**Exercise directions:** When you reach the line that contains "Liam & Noel", begin copying exactly and continue through the last line below. Do not copy pictures.
************
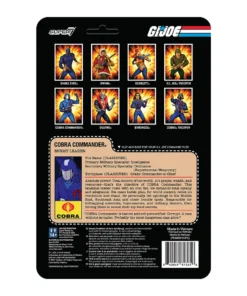 Super7 G.I. Joe ReAction Figures Wave 1 - Cobra Commander Movies & TV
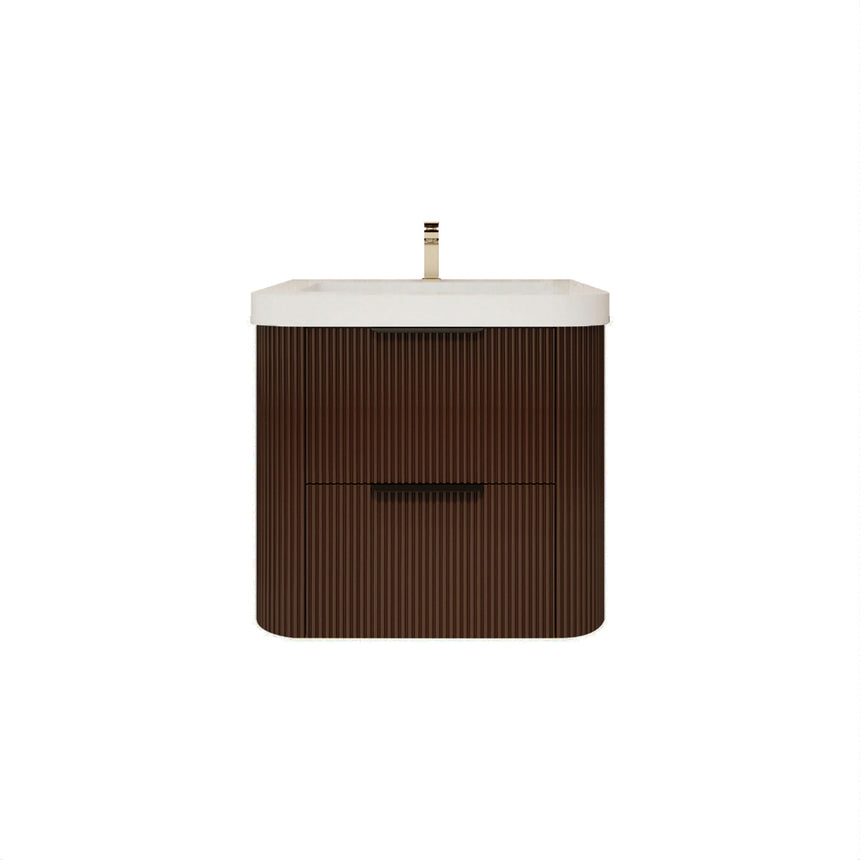 Livia Fluted Floating Vanity Cover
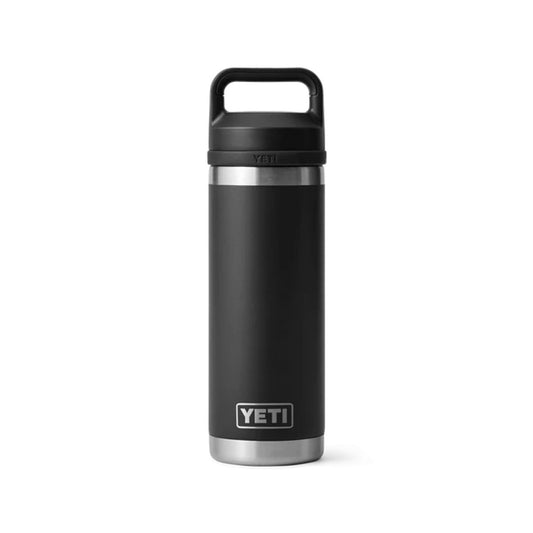 YETI Rambler Bottle with Chug Cap 532ml Black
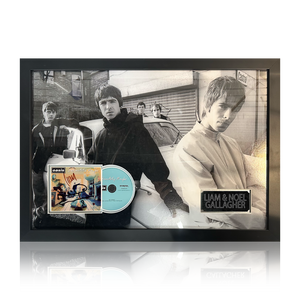 Liam & Noel Gallagher Signed Definitely Maybe CD Iconic Frame (Beckett)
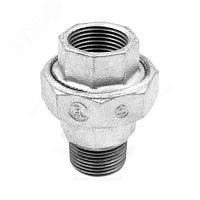 Соединитель чугунный американка Ду20 (3/4') ВН конусный | код 128-6020 | Fittex PLUS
************
**Solution to this exercise:**
 Liam & Noel Gallagher Signed Definitely Maybe CD Iconic Frame (Beckett)
 Соединитель чугунный американка Ду20 (3/4') ВН конусный | код 128-6020 | Fittex PLUS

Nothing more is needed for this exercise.